:: EXERCISE DESCRIPTION ::
Every line below from the one with "Where it says" through the one with "There is also" should be retyped exactly, both ends included; no other lines and no pictures.

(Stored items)

= Beginning of Section =

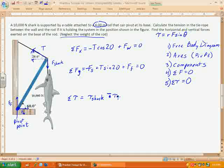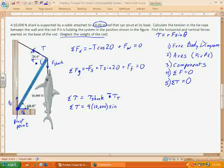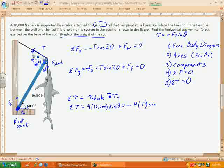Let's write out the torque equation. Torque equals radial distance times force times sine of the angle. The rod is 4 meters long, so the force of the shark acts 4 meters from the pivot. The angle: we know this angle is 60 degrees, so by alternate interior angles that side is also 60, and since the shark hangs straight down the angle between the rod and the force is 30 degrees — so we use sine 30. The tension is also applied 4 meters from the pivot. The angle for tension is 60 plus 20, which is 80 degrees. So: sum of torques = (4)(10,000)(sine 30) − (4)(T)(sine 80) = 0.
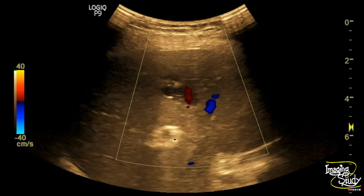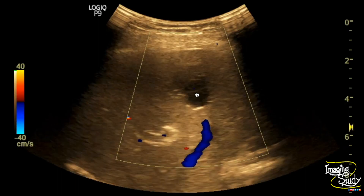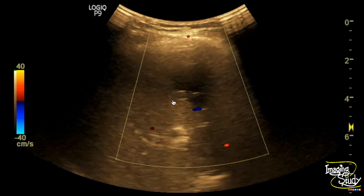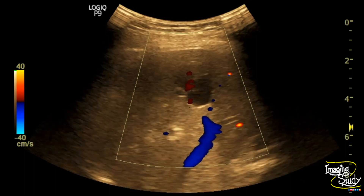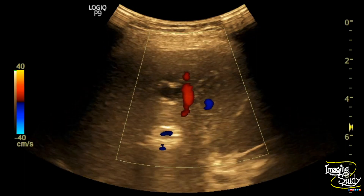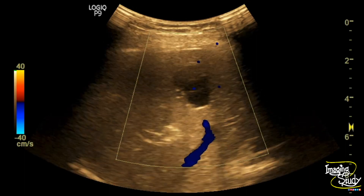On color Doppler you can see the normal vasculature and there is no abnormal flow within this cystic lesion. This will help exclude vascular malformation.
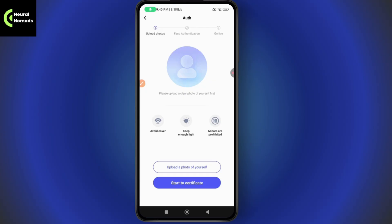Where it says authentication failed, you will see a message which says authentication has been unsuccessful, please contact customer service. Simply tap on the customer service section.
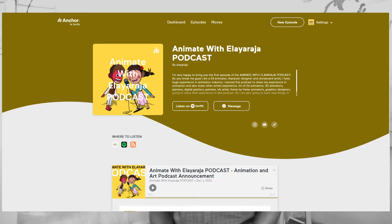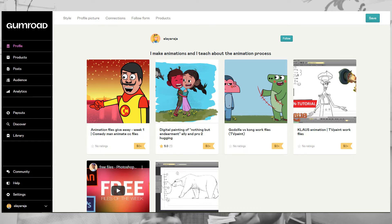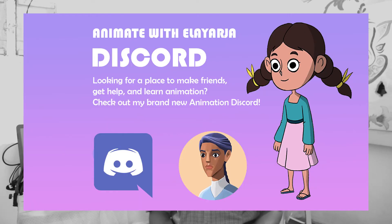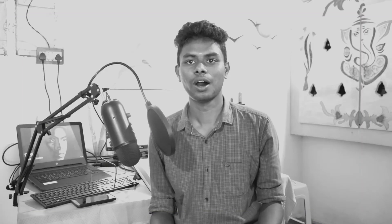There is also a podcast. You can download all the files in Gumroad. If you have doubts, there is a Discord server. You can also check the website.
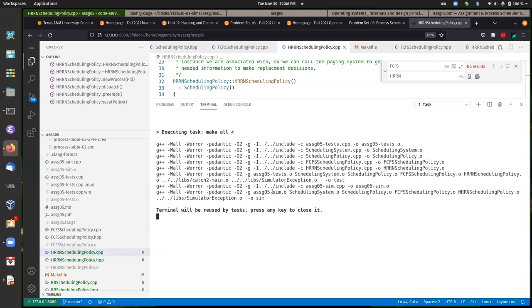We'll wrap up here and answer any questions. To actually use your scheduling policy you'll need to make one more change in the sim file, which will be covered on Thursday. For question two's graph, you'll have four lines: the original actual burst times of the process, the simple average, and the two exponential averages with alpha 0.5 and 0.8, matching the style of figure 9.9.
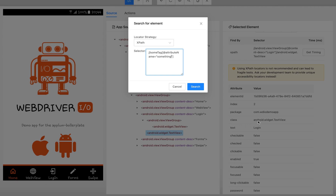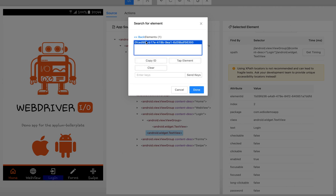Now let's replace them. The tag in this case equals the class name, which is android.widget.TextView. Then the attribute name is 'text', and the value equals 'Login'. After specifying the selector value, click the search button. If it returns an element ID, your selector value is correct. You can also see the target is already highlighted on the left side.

= End of Section =

:: SOLUTION FOR THIS PROBLEM ::
Where it says authentication failed, you will see a message which says authentication has been unsuccessful, please contact customer service. Simply tap on the customer service section.
There is also a podcast. You can download all the files in Gumroad. If you have doubts, there is a Discord server. You can also check the website.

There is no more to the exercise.